# About this task:
I would like the lines below, from the one with "stormy sea hitting" through the one with "Shaikila Amiaq (left), a", copied exactly and without any pictures.

# Data to process:
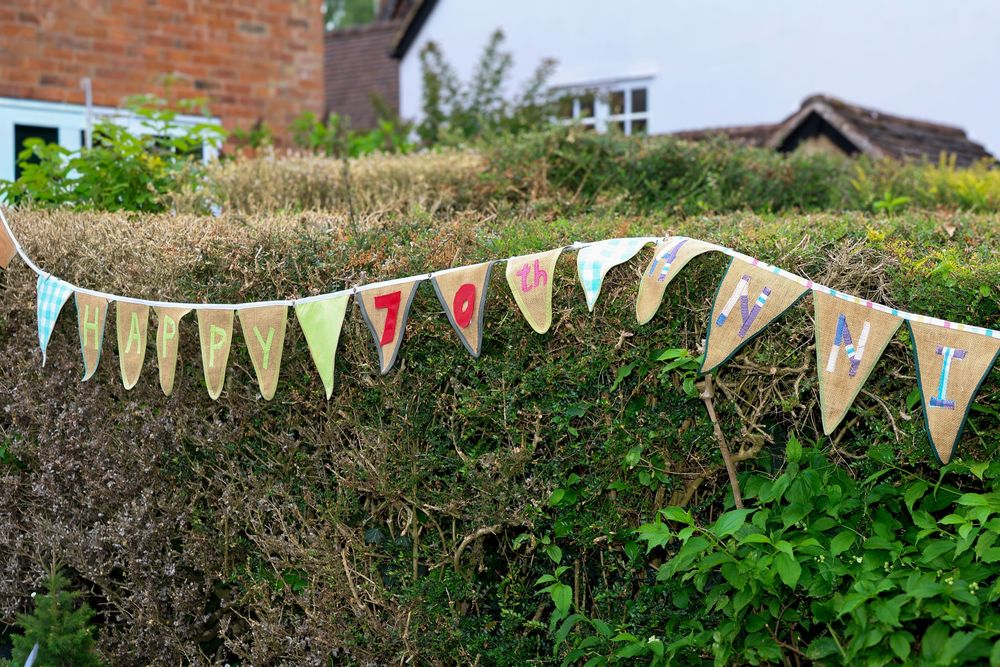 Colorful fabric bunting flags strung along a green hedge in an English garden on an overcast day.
...
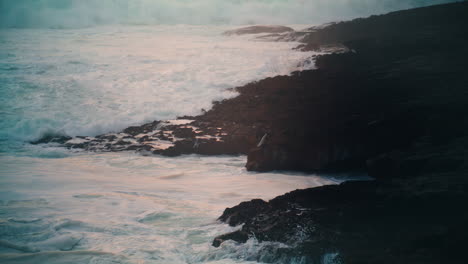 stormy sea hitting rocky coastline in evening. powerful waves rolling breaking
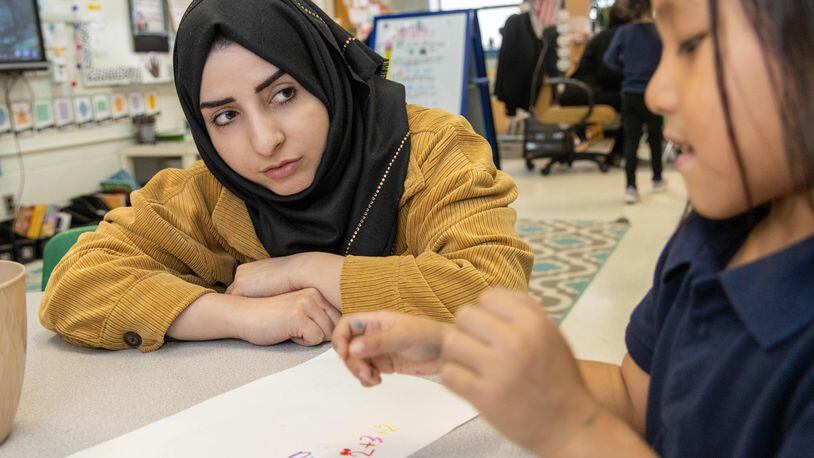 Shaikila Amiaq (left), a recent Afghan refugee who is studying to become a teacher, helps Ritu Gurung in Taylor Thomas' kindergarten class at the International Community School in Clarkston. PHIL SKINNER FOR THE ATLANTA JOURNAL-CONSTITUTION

# Answer space:
 stormy sea hitting rocky coastline in evening. powerful waves rolling breaking
 Shaikila Amiaq (left), a recent Afghan refugee who is studying to become a teacher, helps Ritu Gurung in Taylor Thomas' kindergarten class at the International Community School in Clarkston. PHIL SKINNER FOR THE ATLANTA JOURNAL-CONSTITUTION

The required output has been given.